The federal government is adding an additional $10 million to its Women Entrepreneurship Fund and as part of that, Wilfrid Laurier University in Waterloo will receive $1.38 million to support women in the start-up phase of their businesses.

Funding will help women in early start-up stage to build their business

Waterloo MP Bardish Chagger announced Wilfrid Laurier University in Waterloo will receive $1.38 million to help women entrepreneurs start and grow their businesses. (Kate Bueckert/CBC)

Wilfrid Laurier University is getting $1.38 million from the federal government to establish more female-owned businesses.

The university is getting the cash to support women entrepreneurs who are in the early start-up phase of their business or who want to grow using the business school's incubation and acceleration space.

The announcement was made Thursday at the Lazaridis School of Business and Economics by Waterloo MP Bardish Chagger.

She says 16 per cent of small-to-medium enterprises are owned or majority owned by women.

"That's not a very good number," she said.

The funding is part of the federal government's Women Entrepreneurship Fund, part of a strategy to double the number of female-owned businesses by 2025.

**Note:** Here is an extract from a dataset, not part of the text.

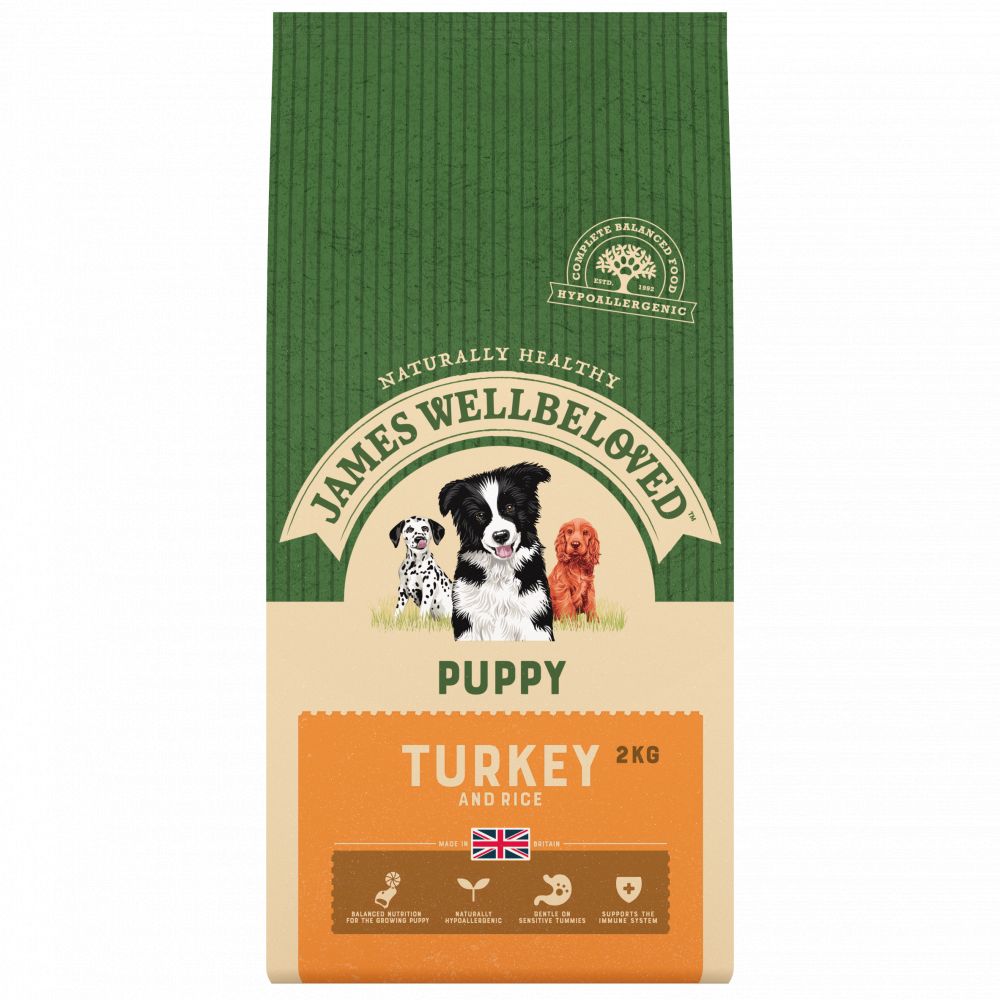 JAMES WELLBELOVED Turkey & Rice Kibble Dry Puppy Dog Food 2kg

The government also announced an additional $10 million will be added to that fund, which is expected to be invested in approximately 100 projects.

While the funding has been promised now, it won't necessarily roll out until after the federal election.

Chagger said if the Liberals were to lose the election, she would hope the next government would honour that funding.

"Even when we took office, any of the commitments that were made, we satisfied. Unfortunately I can't speak for the others [parties]. But I do know that this is an important investment," she said.

More likely to be turned down

Business school dean Micheál Kelly said the school has a launch pad program to help students with their new businesses and about half of the students in that program are female founders and co-founders.

Kelly said they're also doing research into the barriers women face as they launch a company compared to men.

He said they know that when approaching venture capitalists for funding, women tend to be asked different questions than men, and they're turned down more often than their male counterparts.

"Women have not only more barriers but different barriers than male entrepreneurs, especially when it comes to financing," Kelly said.

"Just prepping women for things like that when they go in, to understand what kinds of questions they're going to be asked, how to deal with those questions, how to pitch their business, those things we've learned a lot about, both through research and through experience."